Fałszywa historia ludzkości. Z Moskwy do Berlina
Fałszywa historia ludzkości. Z Moskwy do Berlina

Wideo: Fałszywa historia ludzkości. Z Moskwy do Berlina

Wideo: Fałszywa historia ludzkości. Z Moskwy do Berlina
Wideo: I love the Moscow Institute of Physics and Technology because... 2024, Może
Anonim

Pamiętam siebie jako uczniaka: w życiu społecznym narodu radzieckiego nie istniał temat ważniejszy niż II wojna światowa. Jej poświęcono wszystko: sztuki plastyczne, kino, beletrystykę i poezję, przedstawienia amatorskie, parady wojskowe.

Oczywiście ani dzieci, ani dorośli wtedy (a wielu nadal) nie myśleli: skąd takie nastawienie w umysłach ludzi? Tak, najcięższa wojna, tak, cierpienie i miliony ofiar. Ale przecież życie toczy się dalej, trzeba myśleć o przyszłości, po co wywoływać te niezagojone rany w duszach ludzi? Żeby nie powtarzać faszyzmu? Ale jak nazwać wydarzenia w Czechosłowacji, naszą kampanię w Afganistanie i kogo zabiliśmy w Czeczenii (a teraz w Syrii)? Walka z terrorystami?
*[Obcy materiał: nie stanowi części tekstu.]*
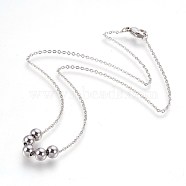 Stainless Steel Pendant Necklaces, with Lobster Claw Clasps, Round, Stainless Steel Color, 16.25 inch(41.3cm), 1.5mm(NJEW-JN02251)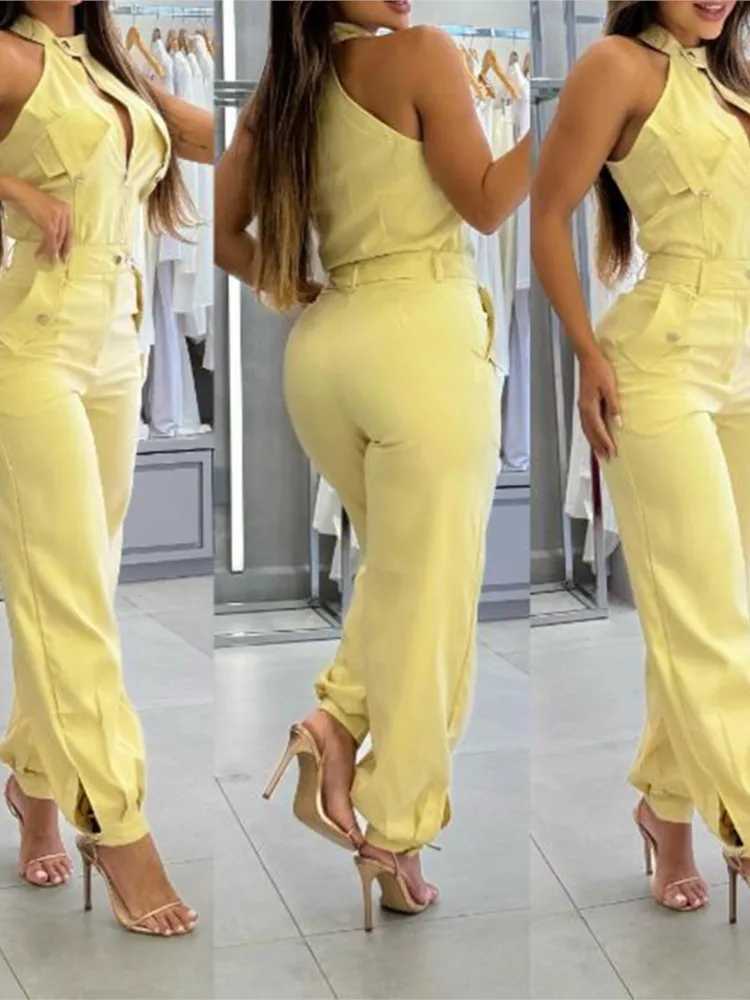 New Womens Spring And Summer Temperament Commuting Suit Sexy Strt Style Hanging Neck Top Casual Workwear Pants Two-piece Sets X250704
A może po prostu nie pozwoliliśmy innym narodom żyć na własnej ziemi tak, jak chcą?

Tak więc słowa na zawsze wyryte w pamięci dzieciństwa: przeszedł całą wojnę od Moskwy do Berlina (a niektóre nawet bez jednej rany). Albo: przeszło wojnę domową i II wojnę światową, przeszło fińską i II wojnę światową. Nie mówię nawet o Hiszpanii… I dopiero teraz, po kilkudziesięciu latach, zacząłem zastanawiać się nad znaczeniem tego wyrażenia: czy nie ma zbyt wielu szczęśliwców na tak krwawą wojnę?
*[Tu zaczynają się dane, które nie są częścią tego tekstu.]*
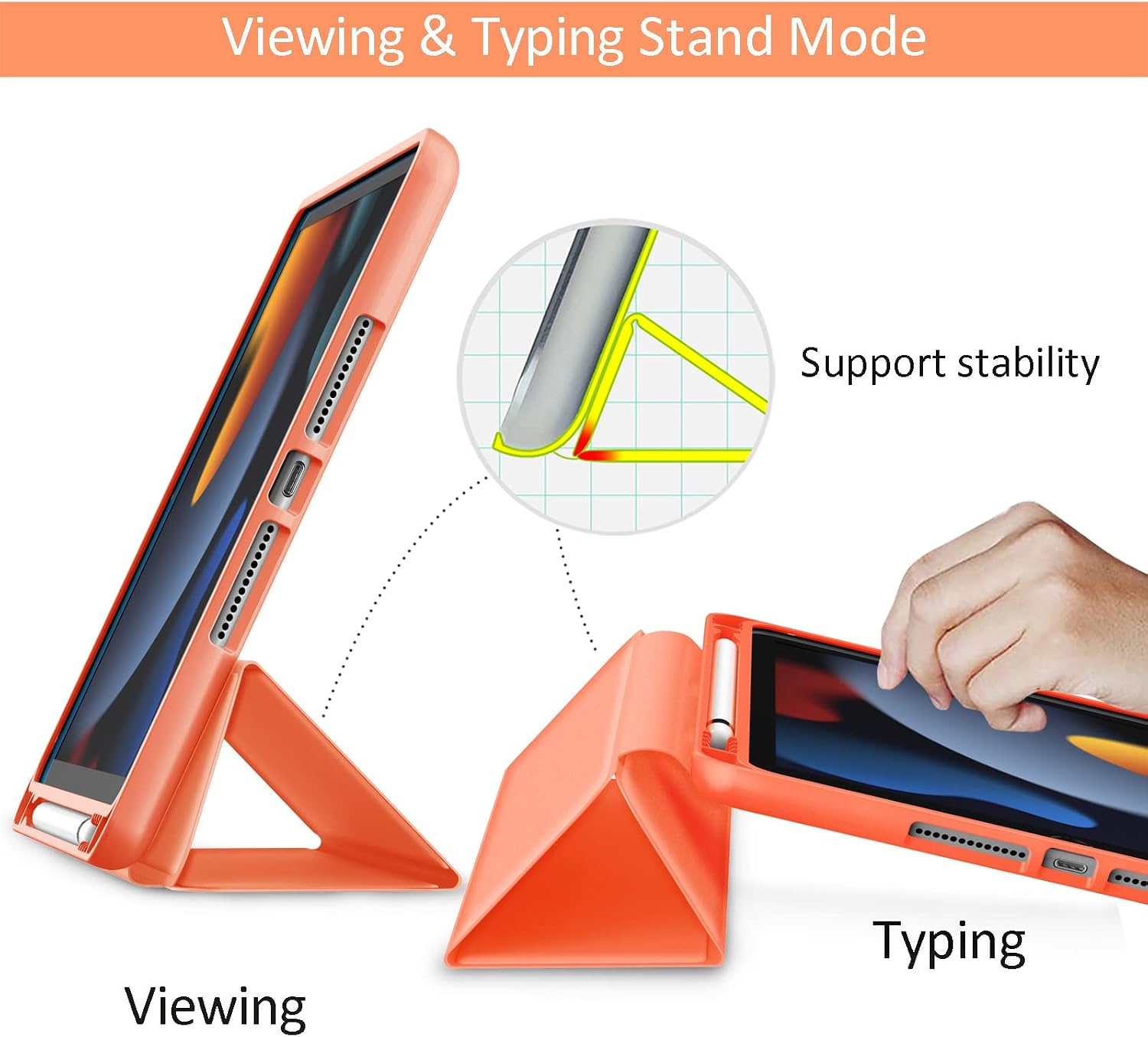 Gahwa New iPad 10.2 Inch Case 2021 9th Gen/ipad 8th Gen 2020 /ipad 7th Gen 2019 with Pencil Holder, Slim Stand Hard Back Shell Protective Smart Cover Case for iPad 10.2 Inch(Orange)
Od początku wojny (od Moskwy) do Zwycięstwa mogli przetrwać tylko generałowie, personel wojskowy jednostek tylnych (ci, którzy nie brali udziału w operacjach wojskowych) i sztab. Na linii frontu dowódca szeregowy, wydzielony i kompanii został zwolniony nie dłużej niż 3 miesiące. To maksimum, jak długo może trwać odpoczynek na froncie z powodu trudnych warunków pogodowych lub przygotowań do ofensywy na dużą skalę. Dowódca batalionu i dowódca pułku mogli żyć dłużej, na szczęście. Z dowódców dywizji zginęło tylko kilku.

Dla zwykłych żołnierzy i młodszego dowództwa wojna była straszną maszynką do mięsa, pasem transmisyjnym śmierci, gdzie każdego dnia miejsce poległych zajmowało uzupełnianie. I w zasadzie nie mogli dostać się z Moskwy do Berlina. Nikt! Tylko kaleki miały szczęście przeżyć. Czego oczywiście nie zobaczymy na świątecznych stoiskach 9 maja.

Wnioski:

Wśród weteranów wojennych praktycznie nie ma prawdziwych (tych, którzy walczyli na pierwszej linii frontu) żołnierzy. Wszyscy zginęli. Z wyjątkiem kalek, oczywiście. Do Berlina wkroczyli żołnierze, którzy nie poczuli prochu. Milczę już o tych, którzy rzekomo przeszli przez 3 (2) wojny. Nie było takich wśród szeregowych i młodszych dowódców.

Ma to być obiektywne i wierzyć w historię II wojny światowej.